### WHAT IS REQUIRED
The reply must repeat each entry exactly and contain no pictures.

[Web page caption snippets]
◆ ◆ ◆
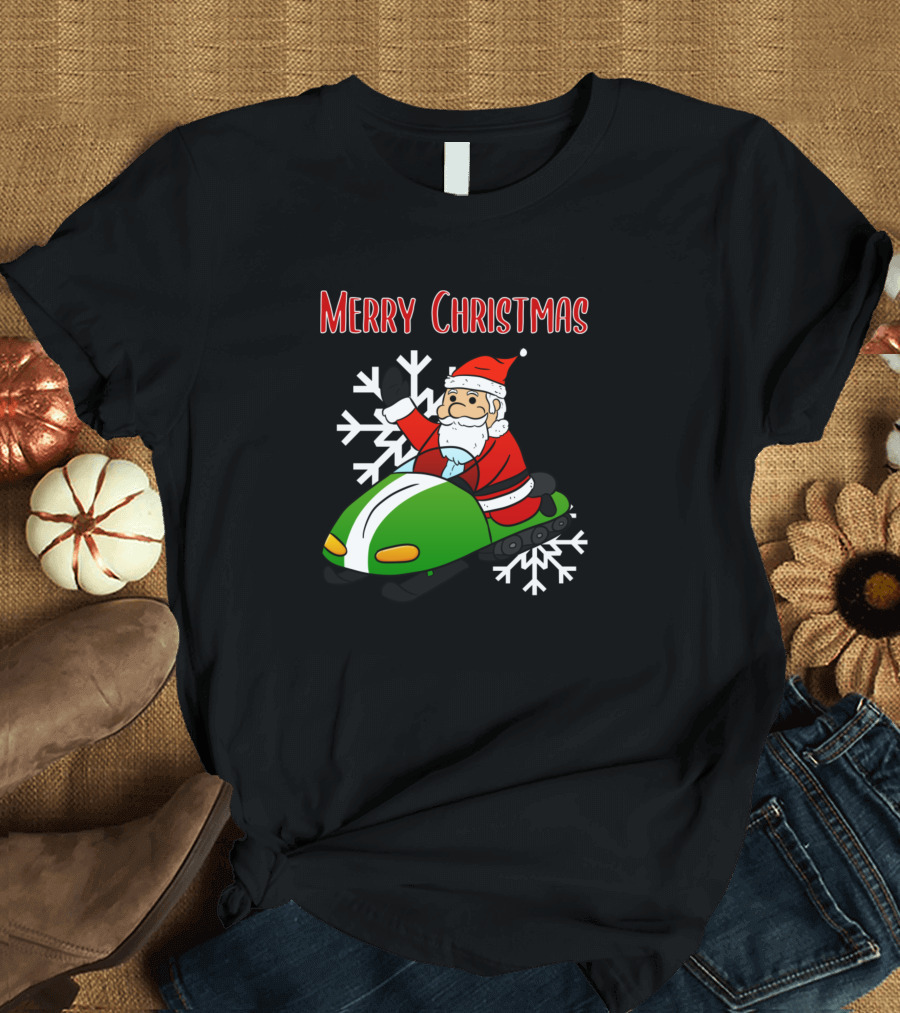 Merry Christmas Santa Riding Snowmobile T-Shirt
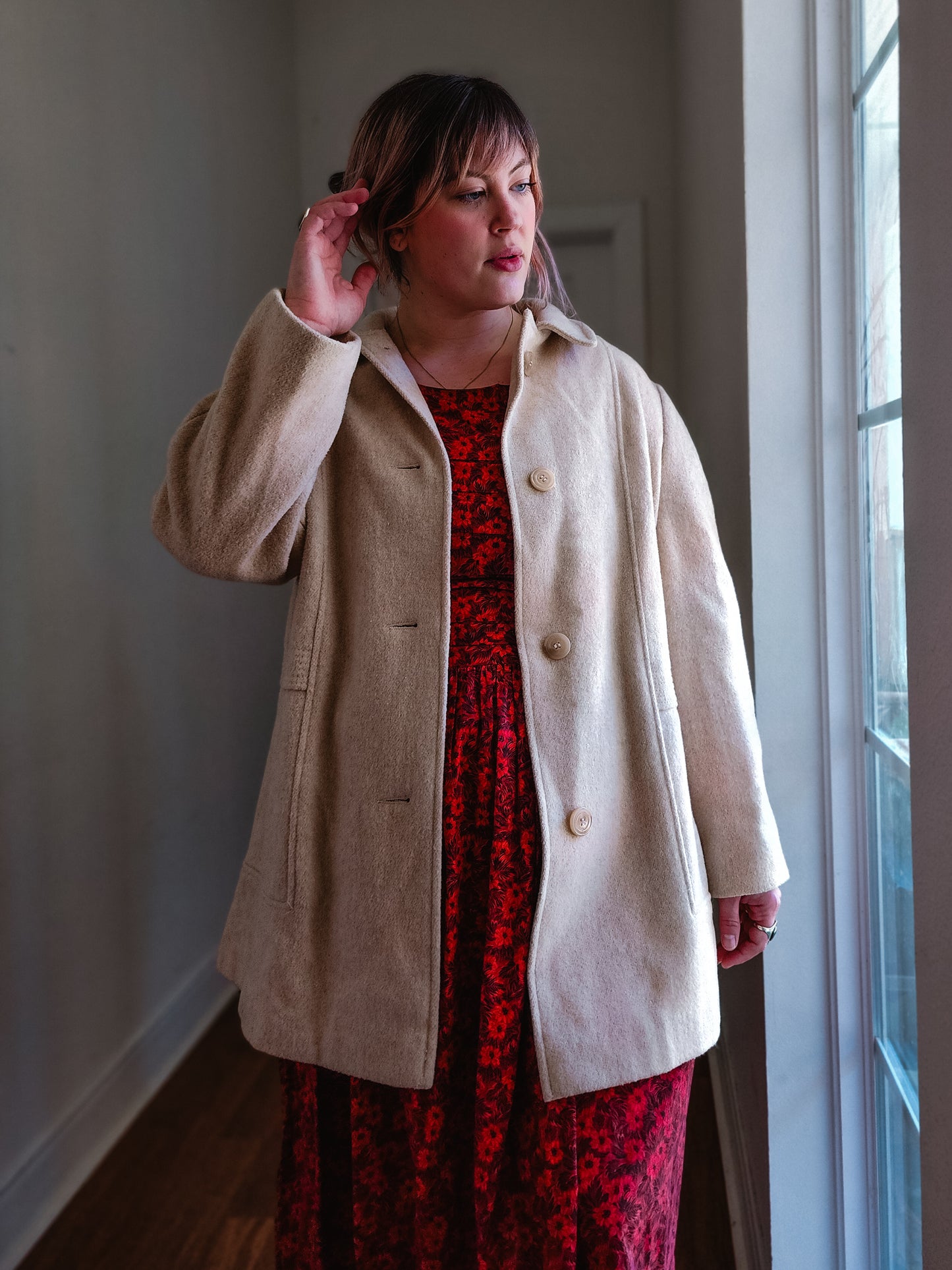 Oatmeal Wool Coat | XL-1X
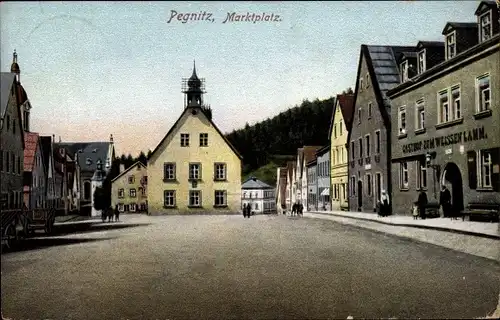 Ak Pegnitz in Oberfranken, Marktplatz, Gasthof zum weißen Lamm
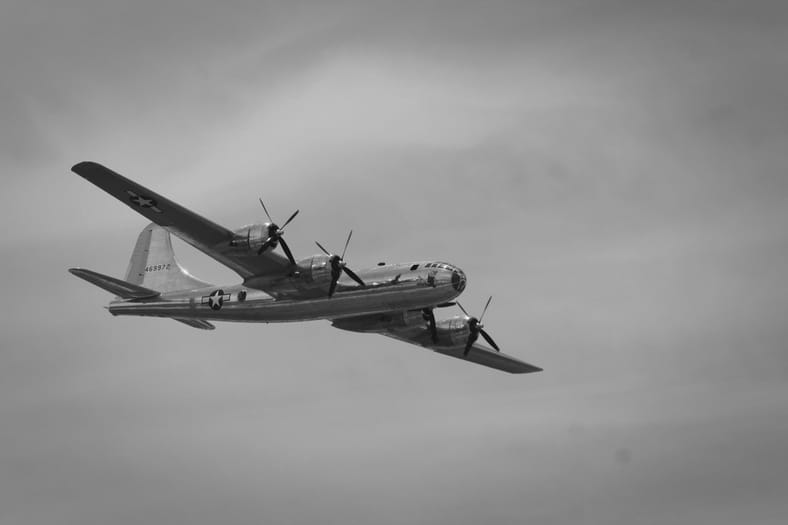 black and white plane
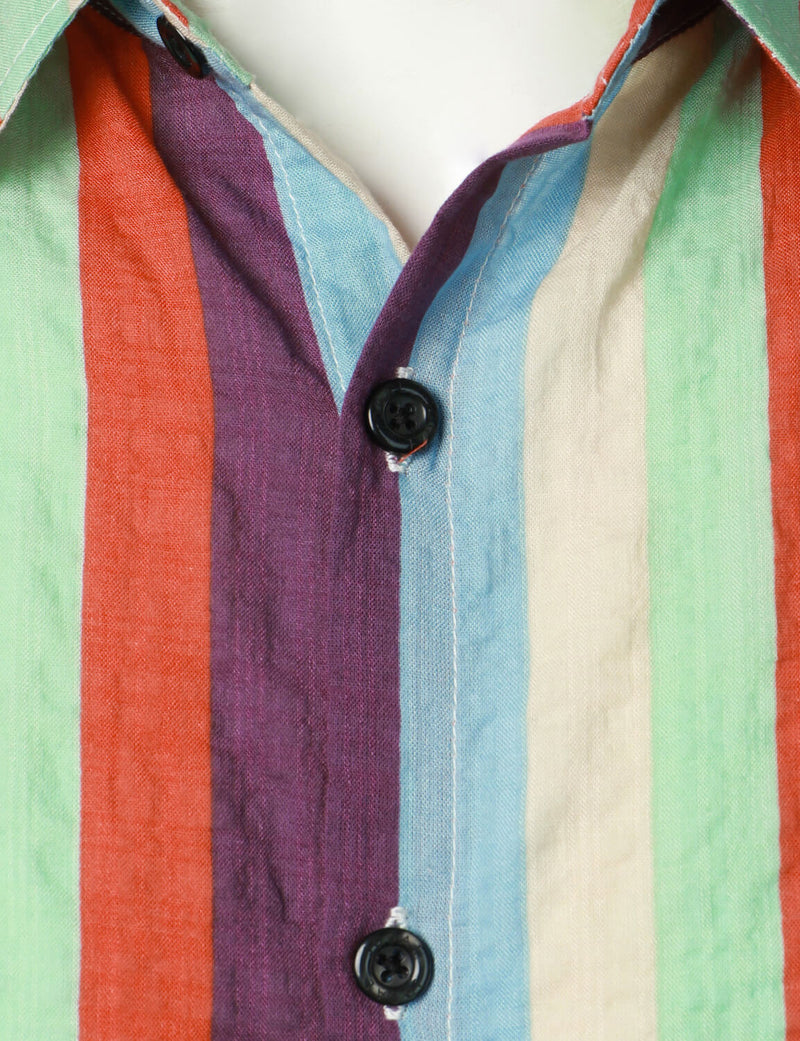Men's Vintage Striped Summer Beach Beach Casual Short Sleeve Button Up Shirt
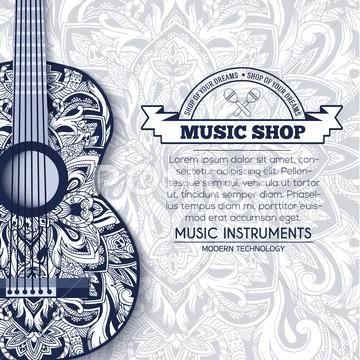 Abstract Retro Music Guitar On Blue Floral Background Of The Ornament Concept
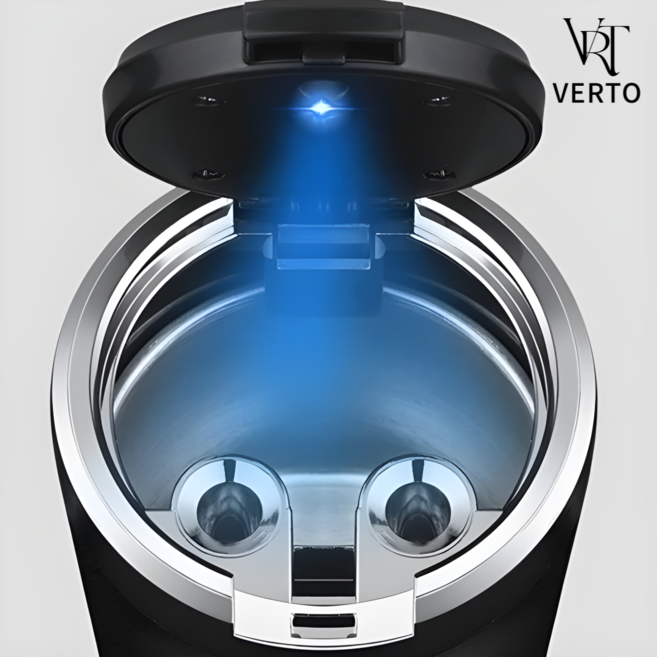 베르토 차량용 재떨이 원터치 LED 미니 쓰레기통 실버, 1개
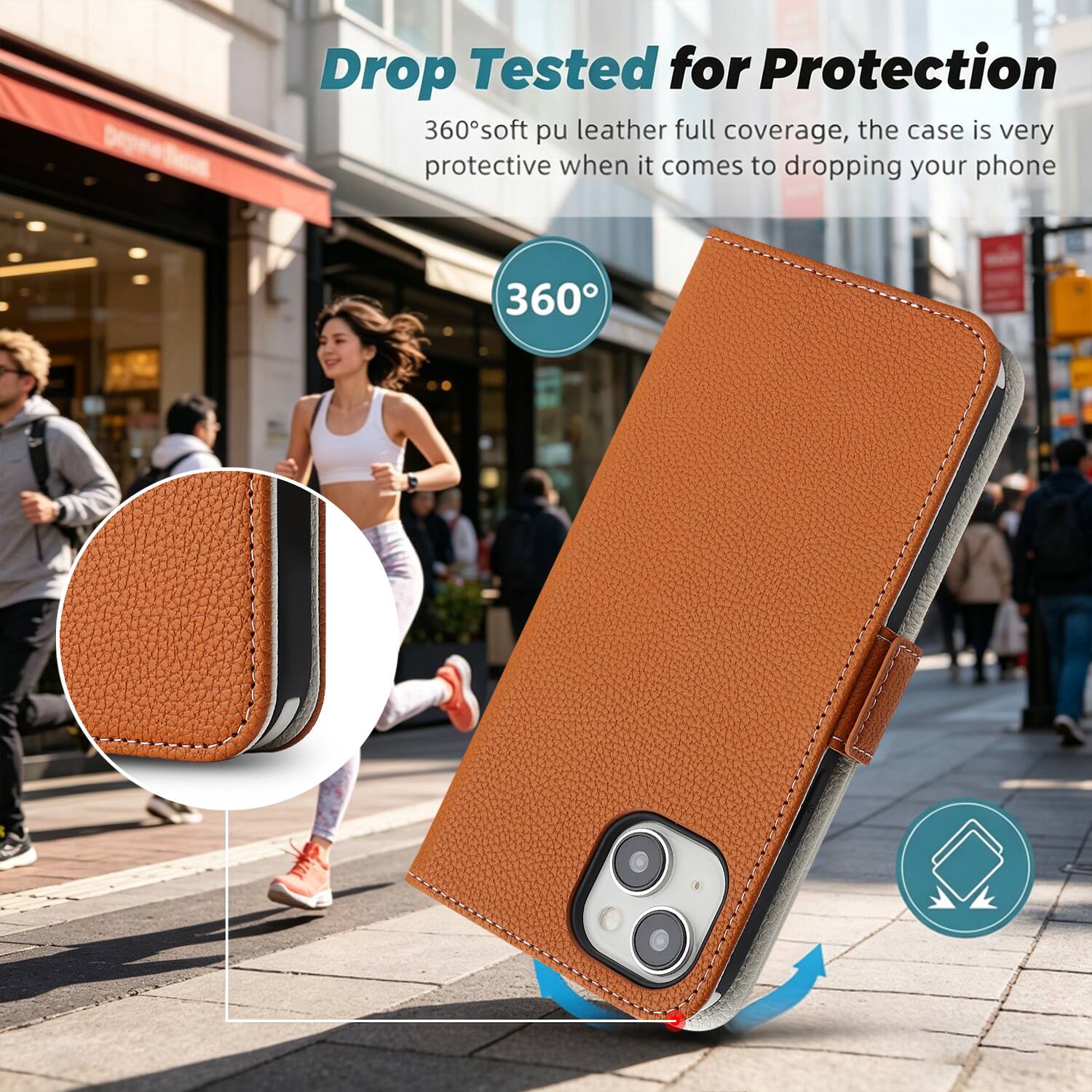 Drop Tested for Protection  
360° soft pu leather full coverage, the case is very protective when it comes to dropping your phone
◆ ◆ ◆
### WRITTEN SOLUTION
 Merry Christmas Santa Riding Snowmobile T-Shirt
 Oatmeal Wool Coat | XL-1X
 Ak Pegnitz in Oberfranken, Marktplatz, Gasthof zum weißen Lamm
 black and white plane
Men's Vintage Striped Summer Beach Beach Casual Short Sleeve Button Up Shirt
 Abstract Retro Music Guitar On Blue Floral Background Of The Ornament Concept
 베르토 차량용 재떨이 원터치 LED 미니 쓰레기통 실버, 1개
 Drop Tested for Protection  
360° soft pu leather full coverage, the case is very protective when it comes to dropping your phone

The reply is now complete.